I wish I had that machine learning capability at my disposal years ago when I learned French, German and Latin at school.

Machine learning is repetition learning. Feed in a million photos of a cat, with each one labelled as a cat, and machine learning can work out the pixel combinations that constitute a cat and identify cats in future photos. The same technique can be applied to medicine. Feed in, say, a million labelled photos of known skin cancer lesions and this artificial intelligence technique can predict the probability of a new photo showing a cancer.

Repetition learning is a complex task when applied to language, but it is revolutionising the operation of Google Translate, which attempts to translate between 103 languages.

How we translate languages varies. There’s the tedious way I used at school. I learned the French equivalent for English language nouns, verbs and their tenses, and put them into a correct sentence structure. Then there’s the way a two-year-old learns. Toddlers aren’t aware of sentence structure, verbs and tenses. When they ask for an ice cream, they are not concerned about whether ice cream is a noun, just the taste.

With this in mind I tackled the man from Google’s Brain team who is heading its move to bring artificial intelligence and machine learning to language translation, during a visit to the company’s Mountain View, California, campus last week.

The work of research scientist Mike Schuster and the Google Translate team is seeing language translation morph from translating individual phrases 10 years ago to translating entire sentences in one gulp with machine learning.

The original Google Translate built tables of phrases from translations on the web.

“You’d find small segments like ‘My dog is red’, you’d find the same segment in a Japanese sentence and you’d make a big table of that,” Schuster explains. “Then you’d search your tables and put together your sentences.”

The project to use machine learning for language translation began in August 2015. Google soon began to write an artificial intelligence system for Google Translate making use of its new TPU hardware. “About five months later we had the first results,” Schuster says. “In September, basically a year later, we had everything ready to launch our first language pair which was Chinese to English.”

Instead of maintaining tables, the new machine learning system combs the net, taking in millions, even billions of sentences and their translated equivalent in a target language. It doesn’t bother about parsing, just about the differences in new translations to previous ones and the probability of accuracy. It then extrapolates and “predicts” a translation when it encounters similar sentences.

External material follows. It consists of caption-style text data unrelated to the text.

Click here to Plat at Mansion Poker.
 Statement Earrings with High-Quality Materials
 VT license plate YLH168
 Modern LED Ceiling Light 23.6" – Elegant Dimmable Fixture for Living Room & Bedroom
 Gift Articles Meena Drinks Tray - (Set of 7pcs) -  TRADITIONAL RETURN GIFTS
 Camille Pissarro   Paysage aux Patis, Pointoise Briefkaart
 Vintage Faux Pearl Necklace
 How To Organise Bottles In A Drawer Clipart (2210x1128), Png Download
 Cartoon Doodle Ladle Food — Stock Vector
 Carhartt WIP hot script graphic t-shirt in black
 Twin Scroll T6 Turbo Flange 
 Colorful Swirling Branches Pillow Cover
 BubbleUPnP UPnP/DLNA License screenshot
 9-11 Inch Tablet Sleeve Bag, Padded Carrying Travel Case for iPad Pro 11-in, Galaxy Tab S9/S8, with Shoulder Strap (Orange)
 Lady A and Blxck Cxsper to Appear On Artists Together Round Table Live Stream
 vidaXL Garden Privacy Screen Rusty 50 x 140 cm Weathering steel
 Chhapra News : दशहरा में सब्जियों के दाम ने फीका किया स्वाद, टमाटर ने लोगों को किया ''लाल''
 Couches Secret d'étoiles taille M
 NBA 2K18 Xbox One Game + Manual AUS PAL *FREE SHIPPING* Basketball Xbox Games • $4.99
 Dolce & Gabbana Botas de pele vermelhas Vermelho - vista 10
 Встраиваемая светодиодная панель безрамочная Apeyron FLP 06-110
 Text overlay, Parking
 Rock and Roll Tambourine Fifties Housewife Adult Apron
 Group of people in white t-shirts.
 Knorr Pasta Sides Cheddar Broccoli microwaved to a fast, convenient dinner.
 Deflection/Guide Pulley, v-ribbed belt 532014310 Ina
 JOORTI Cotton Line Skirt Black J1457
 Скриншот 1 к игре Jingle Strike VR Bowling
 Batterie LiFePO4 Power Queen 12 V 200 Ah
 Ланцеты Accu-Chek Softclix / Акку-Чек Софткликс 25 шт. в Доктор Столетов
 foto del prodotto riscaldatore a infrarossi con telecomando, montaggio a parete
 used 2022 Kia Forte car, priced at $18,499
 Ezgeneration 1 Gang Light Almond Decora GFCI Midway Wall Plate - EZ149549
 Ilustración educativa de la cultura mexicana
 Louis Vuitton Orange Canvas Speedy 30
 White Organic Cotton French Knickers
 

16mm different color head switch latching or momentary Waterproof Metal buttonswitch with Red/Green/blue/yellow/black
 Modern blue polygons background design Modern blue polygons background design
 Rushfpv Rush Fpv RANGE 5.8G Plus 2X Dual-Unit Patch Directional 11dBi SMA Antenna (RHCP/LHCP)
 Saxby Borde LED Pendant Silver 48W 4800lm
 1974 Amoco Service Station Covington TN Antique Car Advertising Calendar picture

“It’s taking all sentences currently; in the future we will work on taking whole paragraphs. Because there is knowledge in between sentences,” Schuster says. “But the extrapolation is complicated. It’s not just linear interpolation, it’s way more complicated than that.”

He says the first AI-based translations were too slow. “It took 10 seconds for a 10-word sentence to translate. Ten seconds is way too long. People don’t want to wait. And if you want to use it for a billion people, you won’t have enough machines.

“So we did all kinds of things. We made better algorithms, we used our TPUs to make everything faster. Eventually it was 200 milliseconds for a 10-word sentence, and that was done over a period of two months; 200ms was fast enough to launch the system.” The system went live in September with English to Chinese. Google added eight more languages in November, another seven in March, and last month 26 more. So far 41 languages use machine learning for translation.

The system doesn’t always translate directly. For examples, translations from Korean to Japanese involves Korean to English and English to Japanese. But “this works”, says Schuster. “It doesn’t work perfectly but it works.”

Chris Griffith attended Google’s developer conference in the US courtesy of Google.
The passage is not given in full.